RECORDED DATA:
>>>

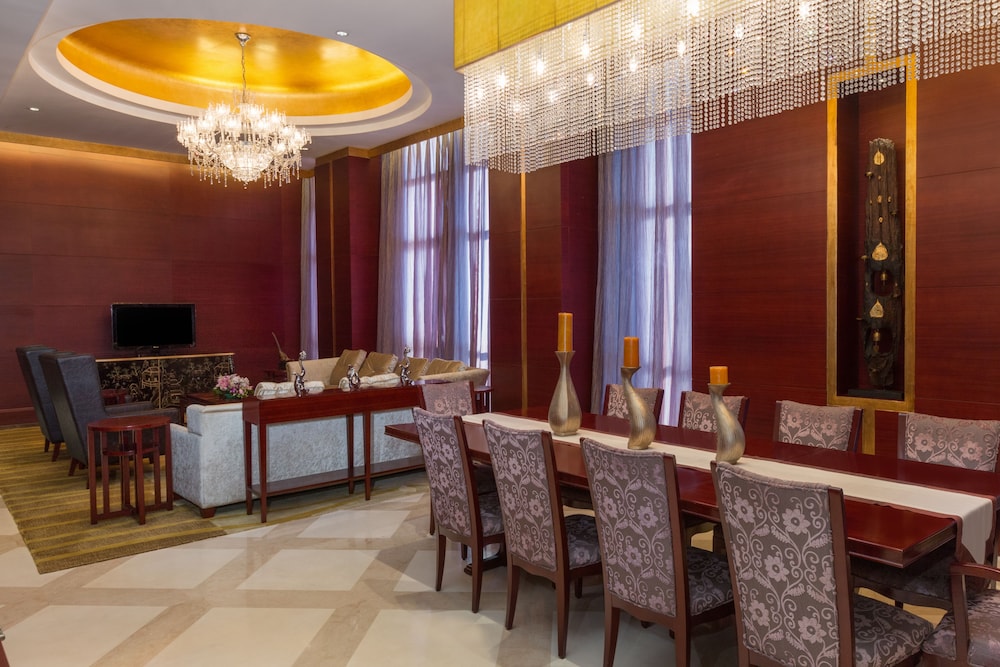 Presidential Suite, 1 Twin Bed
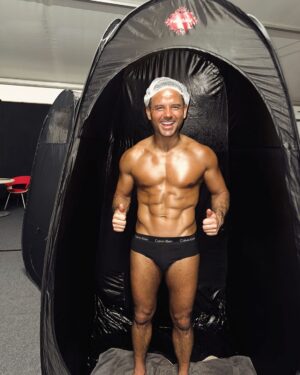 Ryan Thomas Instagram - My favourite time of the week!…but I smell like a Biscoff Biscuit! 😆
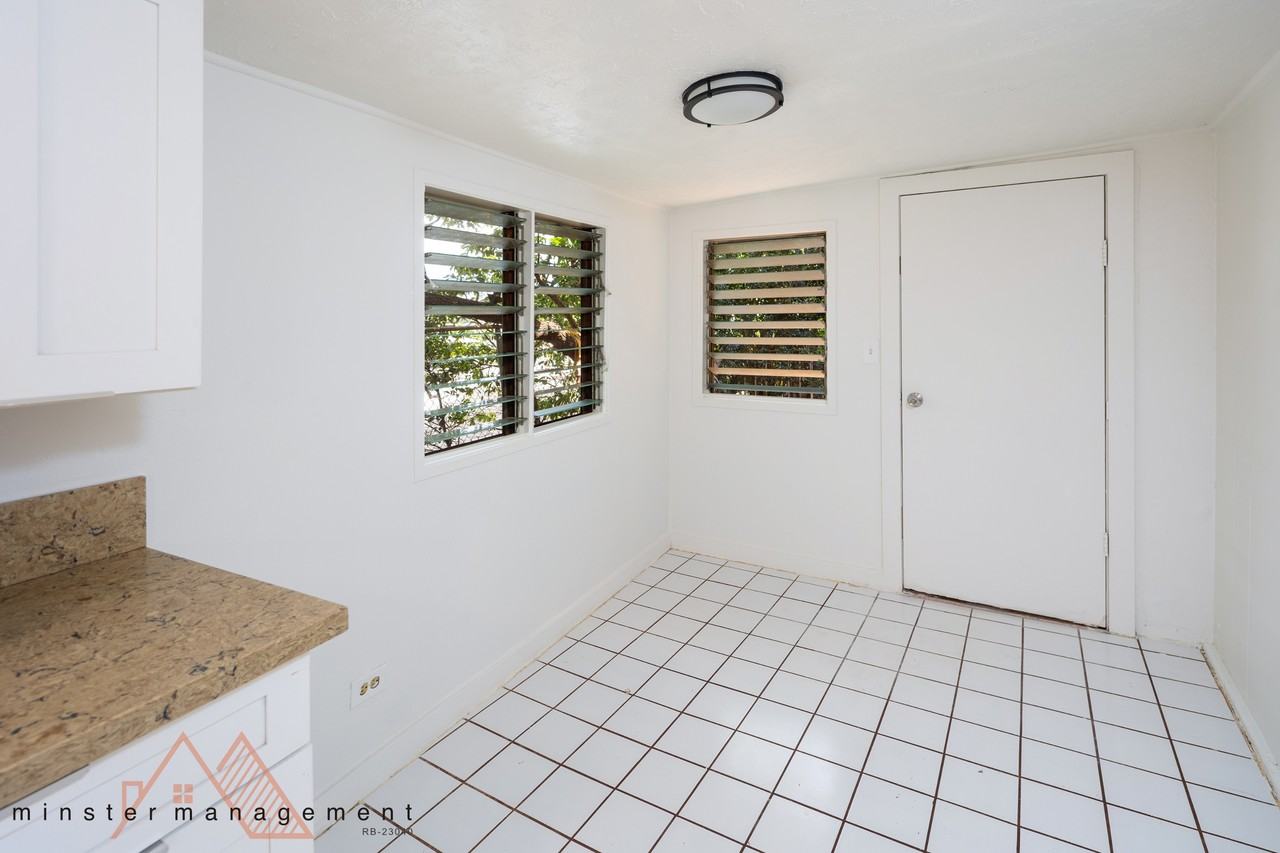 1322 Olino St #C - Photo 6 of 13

<<<
>>>

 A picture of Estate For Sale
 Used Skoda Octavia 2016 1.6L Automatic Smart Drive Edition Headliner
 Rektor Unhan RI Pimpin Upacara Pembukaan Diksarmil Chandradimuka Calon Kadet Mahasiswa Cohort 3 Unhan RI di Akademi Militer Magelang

<<<

AIM OF THE TASK:
The answer must be the part of the records that opens with the line containing "Presidential Suite, 1 Twin Bed" and closes with the line containing "1322 Olino St #C - Photo 6 of 13", reproduced exactly, with no pictures.

SOLUTION BELOW:
 Presidential Suite, 1 Twin Bed
 Ryan Thomas Instagram - My favourite time of the week!…but I smell like a Biscoff Biscuit! 😆
 1322 Olino St #C - Photo 6 of 13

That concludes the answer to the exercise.